The US Chamber of Commerce sued to stop a new Seattle ordinance that could pave the way for independent contractor drivers to unionize. The chamber warned in a court filing that the law could “balkanize” the market for independent contractor services.
“Absent judicial intervention, the city of Seattle and thousands of other municipalities would be free to adopt their own disparate regulatory regimes, which would Balkanize the market for independent-contractor services and inhibit the free flow of commerce among private service providers around the nation,” the lawsuit claims.
Seattle’s first-of-its-kind law includes drivers at firms such as Uber, Lyft and traditional taxi companies. The law took effect in January.
“Under the guise of regulating public safety, the ordinance at issue would, for the first time anywhere in the United States, insert a third-party labor union into the relationship between independent contractors and companies and require agreements that would fix wage and prices in violation of the nation’s anti-trust and labor laws,” according to the lawsuit.
The Seattle City Council first approved the law in December. City Council member Mike O’Brien at the time cited concerns some drivers were making less than minimum wage and were excluded from a number of labor standards.
Under the law, transportation companies can be required to collectively bargain with a designated union, according to the chamber. But it argues that such a rule is not legal.
“In amendments to the National Labor Relations Act, Congress expressly excluded independent contractors from collective-bargaining requirements,” said Randel Johnson, senior VP of Labor, Immigration and Employee Benefits for the US Chamber. “The city of Seattle — or any state or other municipal government — cannot dictate otherwise.”
Independent contractor status for drivers remains an issue, especially for Uber and Lyft, which rely on independent contractor drivers.
The AFL-CIO recently weighed in with a statement that gig economy workers, such as Uber and Lyft drivers, be classified as employees, not independent contractors. And Teamsters affiliate, the App-Based Drivers Association, announced a ride-share startup in Edmonton, Canada, that would allow its drivers to unionize. The ride-share firm is called TappCar and would compete with Uber and Lyft.

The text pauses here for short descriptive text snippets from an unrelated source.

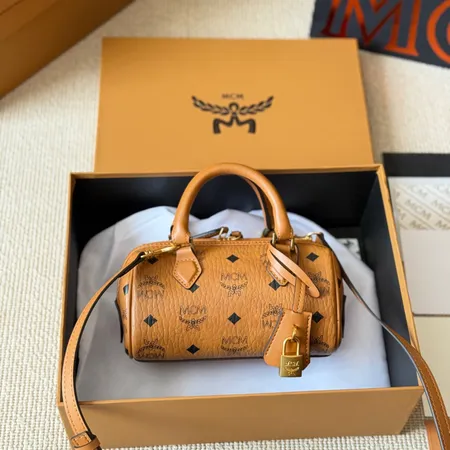 エムシーエム ハンドバッグ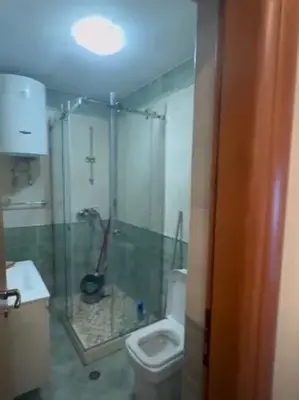Apartament 1+1 me qera në Pazari i Ri, Tiranë, 63 m². Foto 10 nga 10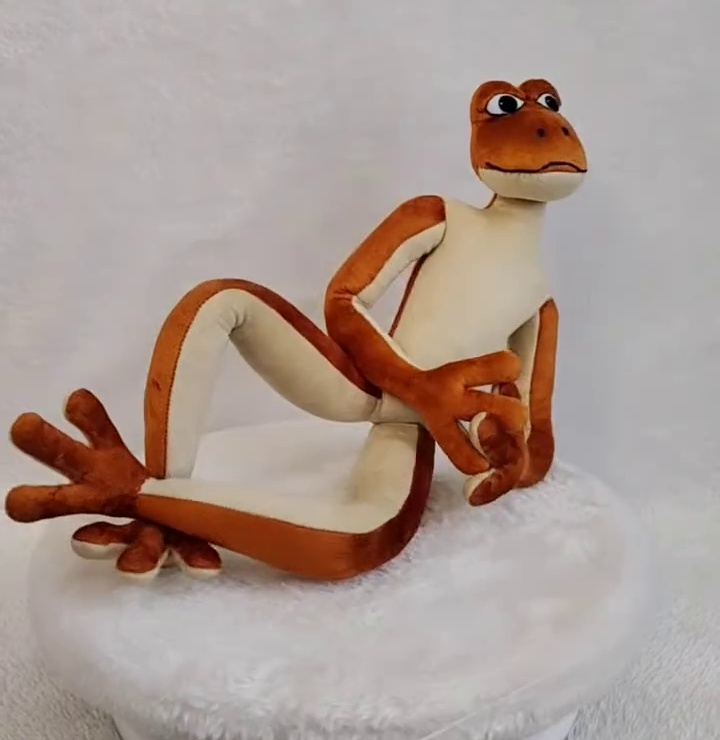 Patila frog plush sitting Patila frog plush sitting with a hand on his knee and webbed toes spread, custom poseable toy made to order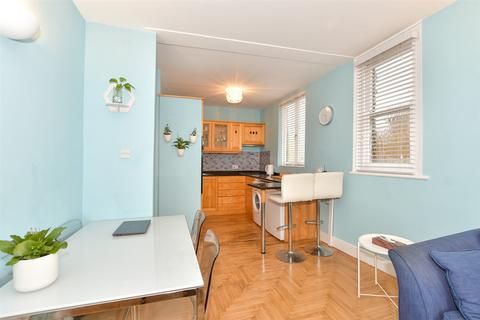 1 bedroom apartment for sale, Station Road, Herne Bay, Kent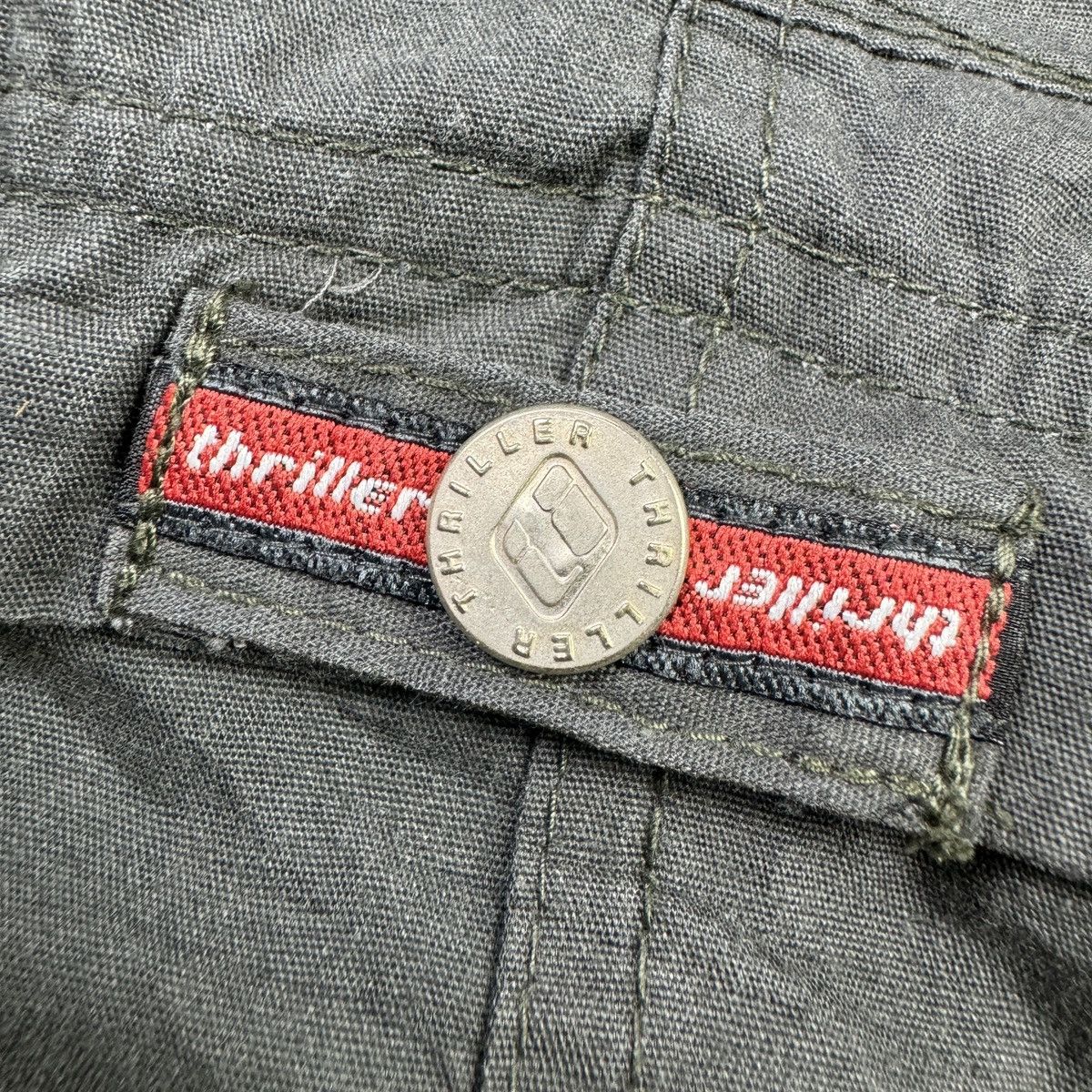 Japanese Brand 33/34 Thriller Multipocket 2in1 Cargo Pant Size US 33 - 13 Thumbnail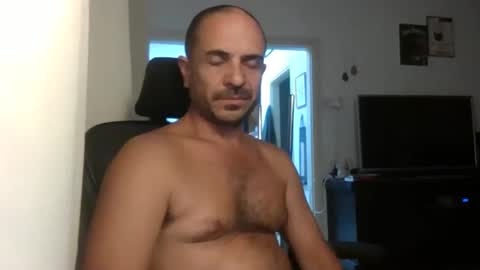 Ariel online show from 10/03/25, 08:17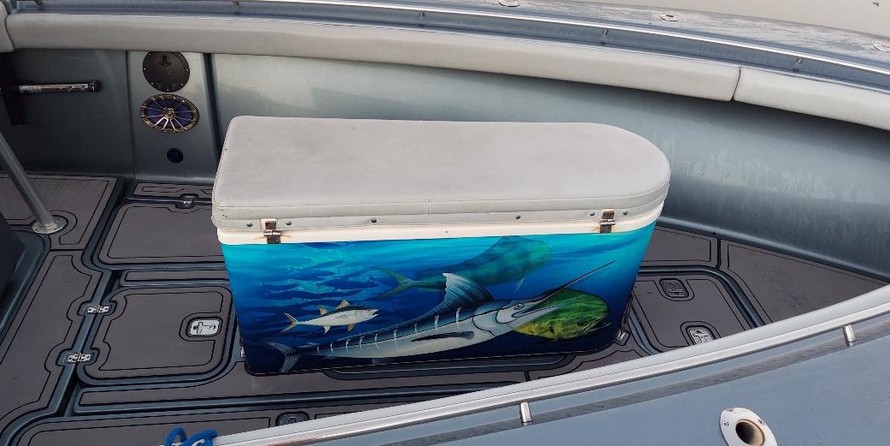 Pursuit 2870 center console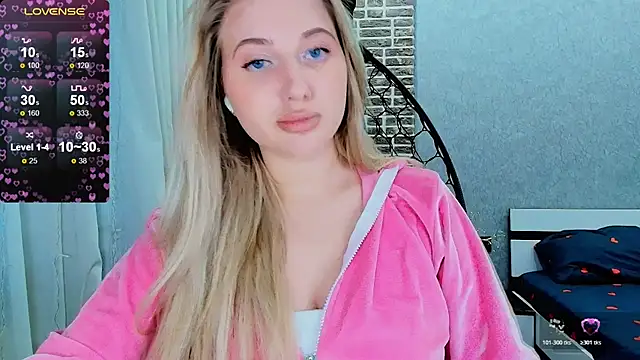 Evacadooo online show from October 29, 2025, 10:58 am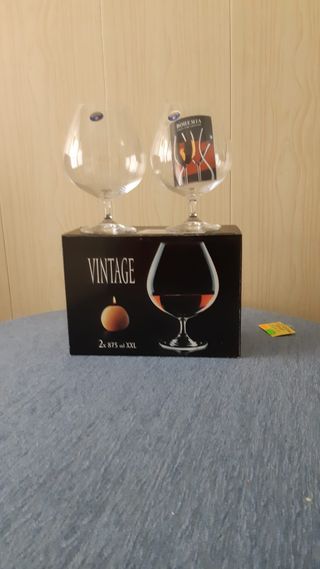 4 copas vintage de Bohemia a estrenar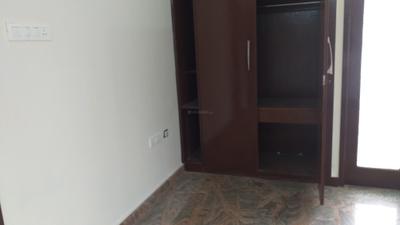 Bedroom Image of 2000 Sq.ft 4 BHK Villa for rent in VGP Selva Nagar, Velachery Chennai for Rs. 35000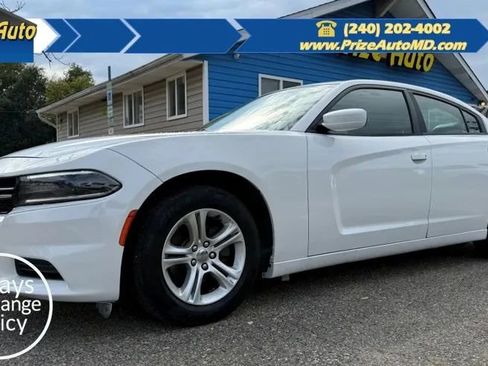 Used 2020 Dodge Charger SXT w/ Leather Interior Group RWD image 1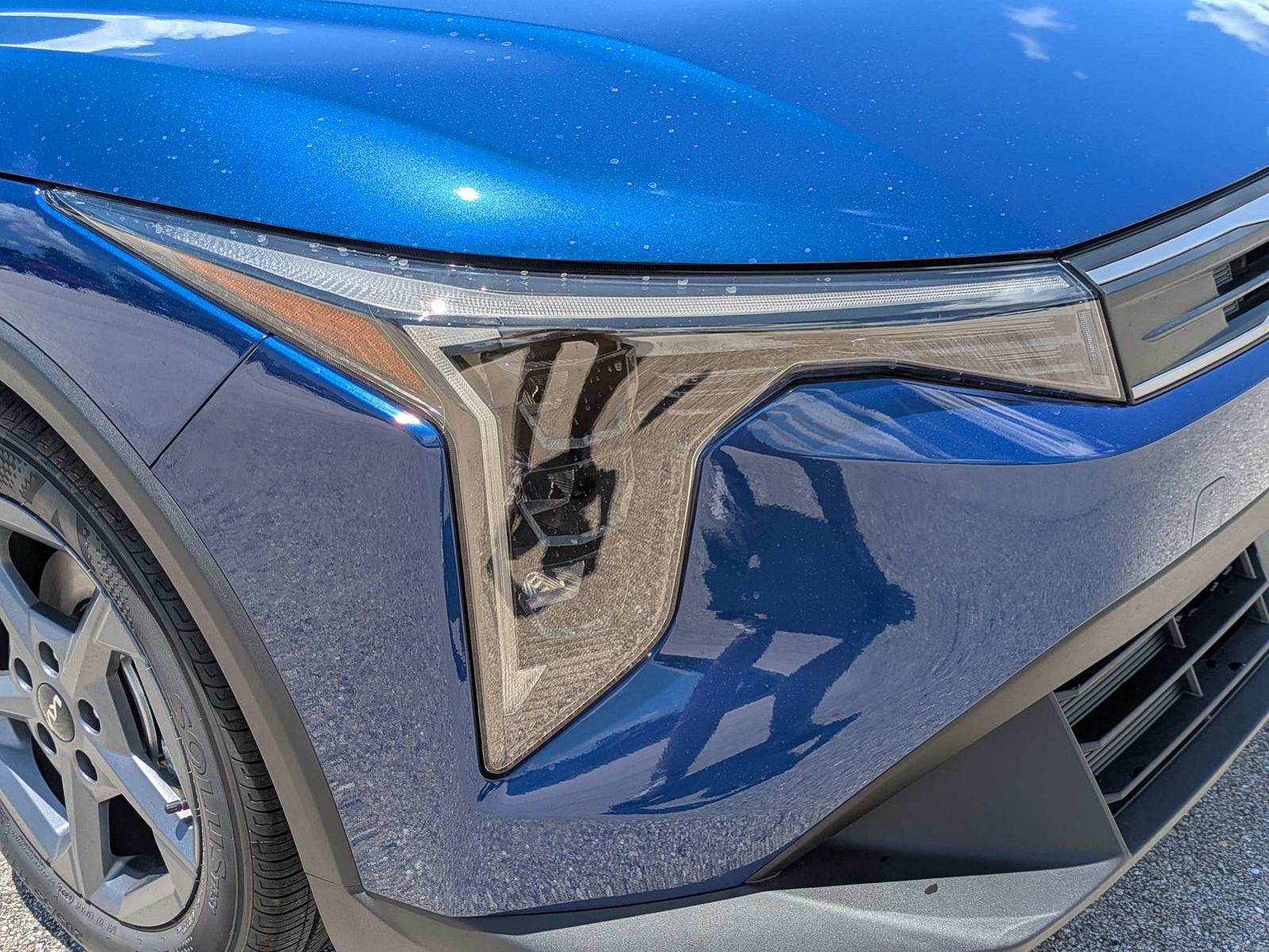 New 2026 Deep Sea Blue Kia LXS image 10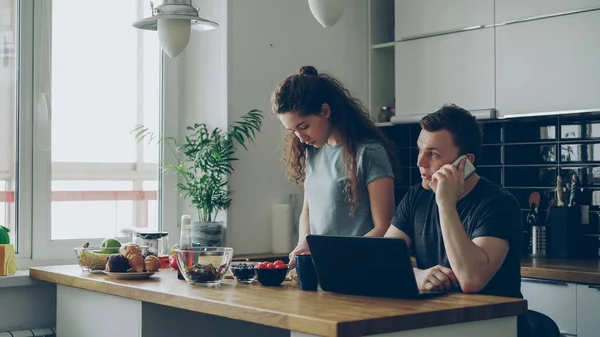 Komoly Pár Konyhában Vágás Saláta Áll Csendes Ember Dolgozik Laptop — Stock Fotó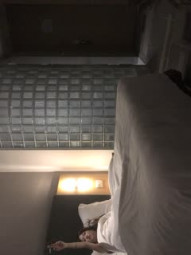 666绿帽白嫖良家密码房，约满背纹身小姐姐，喝喝酒玩游戏脱掉内裤露大奶，骑乘抽插扶着细腰后入猛操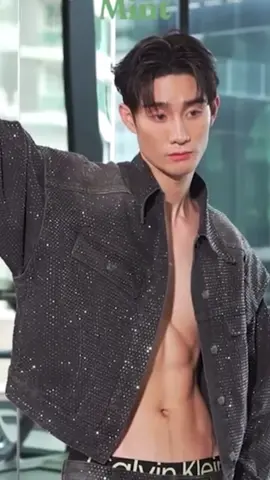 ✨ #ฟอสจิรัชพงศ์ โชว์ความฟิต กล้ามท้องคือดีมาก ขอบคุณ Mint ที่ให้เราได้รับชมกัน #MintSixPack 💚 #MintVol18  #ForceXMintSixPack  #MintSixPack  #fforce_ #MintMagTH #forcejiratchapong 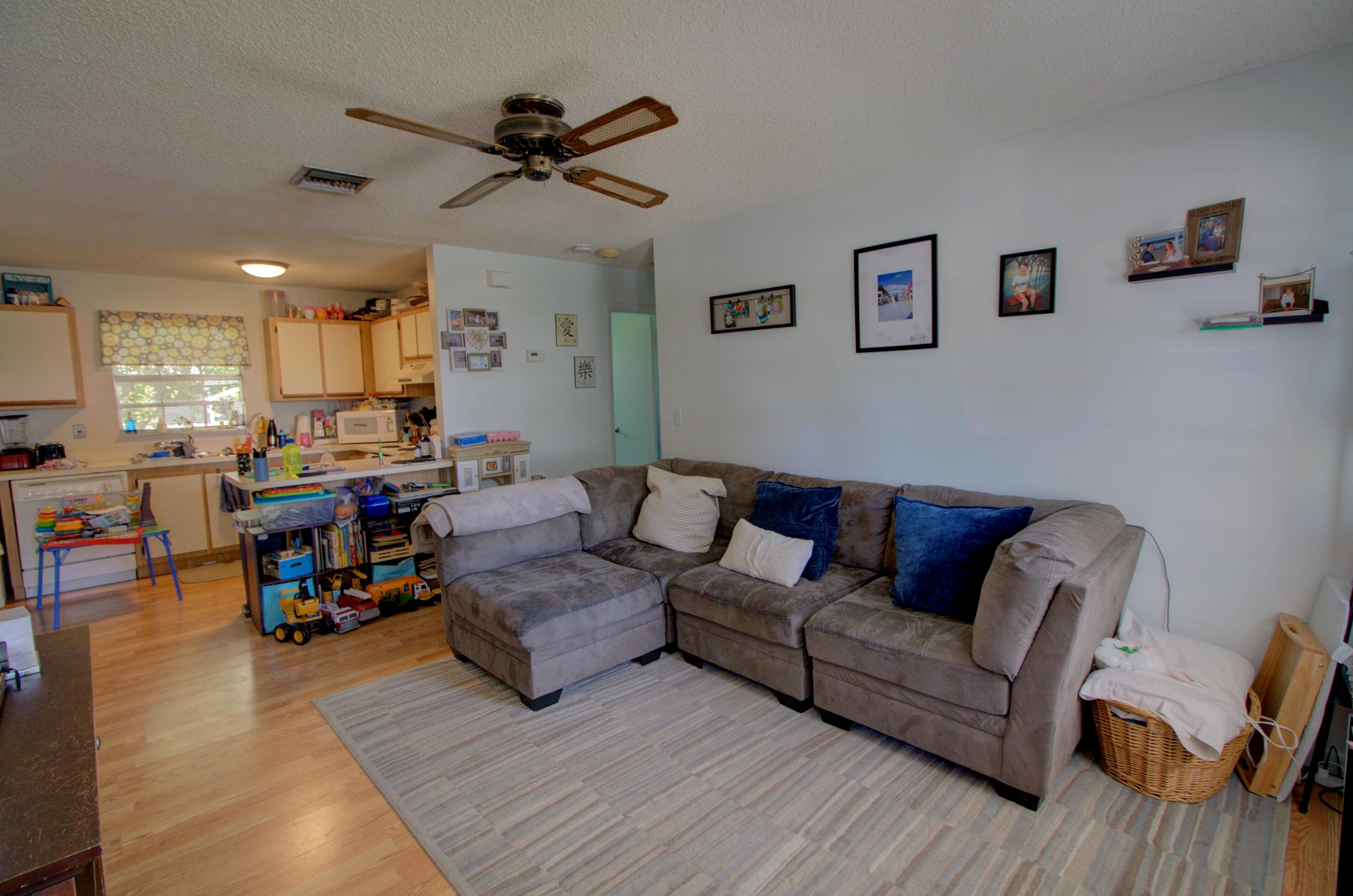 4243 50 Ave, Okeechobee FL 34974-2302 exterior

Separately, both Uber and Lyft still face lawsuits over misclassification. Lyft agreed to settle one lawsuit in January; it would pay $12.25 million and drivers would remain independent contractors. That case is still in play after a judge raised questions about the settlement. Another case involving Uber and independent contractors who claim they were misclassified is still set to go to trial on June 20. However, California’s Employment Development Department recently awarded unemployment compensation to a former Uber driver from California, ruling he was an employee, according to news reports. The National Labor Relations Board also accused Uber of impeding a probe in another case, according to another news reports.